In an effort to make medicinal drugs that dissolve more quickly on delivery, scientists at Argonne National Laboratory in Illinois are using the technique of acoustic levitation to prepare molecular gels and amorphous solids. The technique could prove important for preparing several drugs that are known to be insoluble in crystalline form.

Acoustic levitation uses the pressure from intense sound waves to suspend an object. The technique is widely used in microgravity experiments, but also provides a way to solidify the atoms or molecules in a liquid without the potentially contaminating effects of a container. In a paper published in the inaugural issue of the open-access journal Physical Review X, Chris Benmore and Richard Weber show this containerless method allows them to supercool liquid forms of several over-the-counter and prescription drugs into amorphous forms.

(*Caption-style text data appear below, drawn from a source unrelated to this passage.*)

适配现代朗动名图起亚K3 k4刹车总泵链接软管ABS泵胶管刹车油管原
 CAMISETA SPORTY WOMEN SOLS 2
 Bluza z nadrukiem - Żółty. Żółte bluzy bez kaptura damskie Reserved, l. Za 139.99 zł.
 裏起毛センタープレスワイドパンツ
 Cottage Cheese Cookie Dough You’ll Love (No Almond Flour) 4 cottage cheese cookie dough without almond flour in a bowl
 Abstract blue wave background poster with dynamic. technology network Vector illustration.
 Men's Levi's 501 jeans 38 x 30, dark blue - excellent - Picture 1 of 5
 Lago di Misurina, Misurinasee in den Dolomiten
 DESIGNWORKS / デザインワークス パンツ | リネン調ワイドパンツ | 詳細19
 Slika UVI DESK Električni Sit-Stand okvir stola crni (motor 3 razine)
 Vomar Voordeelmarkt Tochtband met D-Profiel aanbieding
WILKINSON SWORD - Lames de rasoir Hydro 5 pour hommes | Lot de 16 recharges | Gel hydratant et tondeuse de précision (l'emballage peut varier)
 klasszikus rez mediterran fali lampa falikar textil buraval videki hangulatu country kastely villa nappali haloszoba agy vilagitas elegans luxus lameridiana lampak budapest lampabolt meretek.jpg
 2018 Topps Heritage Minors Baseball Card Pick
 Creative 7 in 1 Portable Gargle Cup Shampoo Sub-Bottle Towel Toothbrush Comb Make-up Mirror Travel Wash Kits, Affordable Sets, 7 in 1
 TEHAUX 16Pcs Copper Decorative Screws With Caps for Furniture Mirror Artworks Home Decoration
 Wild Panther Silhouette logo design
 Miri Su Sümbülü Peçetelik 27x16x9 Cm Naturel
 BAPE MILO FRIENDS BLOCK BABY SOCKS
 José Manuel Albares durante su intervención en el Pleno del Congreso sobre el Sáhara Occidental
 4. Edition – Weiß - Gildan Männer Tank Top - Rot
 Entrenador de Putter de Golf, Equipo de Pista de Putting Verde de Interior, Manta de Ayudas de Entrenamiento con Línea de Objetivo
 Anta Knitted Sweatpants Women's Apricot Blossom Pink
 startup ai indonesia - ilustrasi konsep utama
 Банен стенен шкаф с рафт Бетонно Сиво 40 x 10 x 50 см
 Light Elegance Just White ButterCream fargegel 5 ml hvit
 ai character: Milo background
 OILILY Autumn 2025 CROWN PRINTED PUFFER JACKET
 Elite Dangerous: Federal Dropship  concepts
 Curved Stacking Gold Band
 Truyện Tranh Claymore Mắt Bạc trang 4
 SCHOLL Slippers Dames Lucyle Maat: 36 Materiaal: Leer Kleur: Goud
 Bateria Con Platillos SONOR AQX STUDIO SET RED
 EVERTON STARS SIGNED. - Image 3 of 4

Benmore and Weber are able to form the amorphous solids in two different ways. Drugs such as ibuprofen (an anti-inflammatory) and clofoctol (an antibiotic) were first dissolved in ethanol and then droplets of the solution were allowed to evaporate while suspended in the levitator. In an alternative method, which works for the antihistamine cinnarizine, the team starts with a solid form of the drug, melts it into droplets with a laser and then suspends these droplets as they cool.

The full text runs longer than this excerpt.